Néanmoins, le rapport de l'IGPN prend des précautions : "Beaucoup de ces déclarations ont été faites à chaud et des évolutions sont possibles dans le cadre de l'enquête." Par ailleurs, concernant la présence d'Alexandre Benalla sur le dispositif ce jour précis, il est indiqué ceci : "Il lui a été suggéré le service du 1er mai, dont tout laissait penser qu'il allait être difficile." Une formulation trop évasive pour permettre de savoir qui, précisément, a proposé au collaborateur de l'Elysée de se déplacer ce jour-là. 

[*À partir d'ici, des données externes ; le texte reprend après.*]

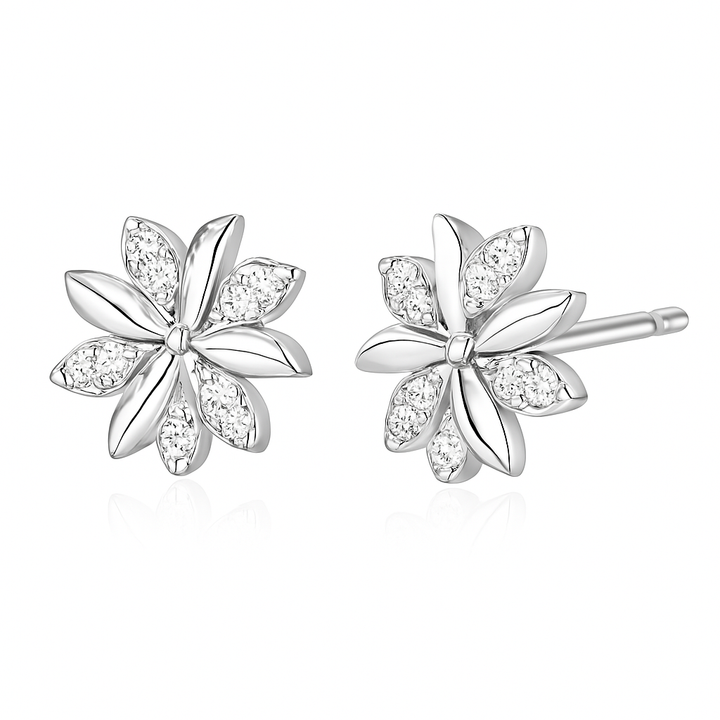Boucles d'oreilles Camille en argent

Benalla n'aurait pas fait usage de sa radio

C'est un équipement qui lui a été reproché, au même titre que le brassard police passé autour du bras. Dans le rapport de l'IGPN, il est mentionné qu'Alexandre Benalla n'aurait pas fait usage de la radio pendant la manifestation. "Durant l'après-midi, le major Mizerski assure que monsieur Benalla, s'il écoutait le trafic radio de la police, après qu'il lui eut indiqué la bonne fréquence, n'a jamais passé de message, ni donné la moindre instruction", indique ainsi le rapport de l'IGPN. 

Deux recommandations de l'IGPN sur le statut d'observateur

Enfin, l'IGPN s'attarde sur deux recommandations particulières afin de clarifier le statut des observateurs en accompagnement des forces de police. Le port d'un signe distinctif par l'observateur d'une part, se traduisant par exemple par la création d'un brassard spécifique dont la couleur et le graphisme se distingueraient de ceux de la police. Une convention type et une charte de l'observateur, d'autre part, qui rappelleraient "les grands principes" de leur rôle, comme l'obligation de discrétion, la non-divulgation des faits observés ou encore l'obligation de se conformer aux directives du référent. 

Gérard Collomb, par voie de communiqué, a d'ores et déjà indiqué qu'il souhaitait voir ces recommandations mises en pratique.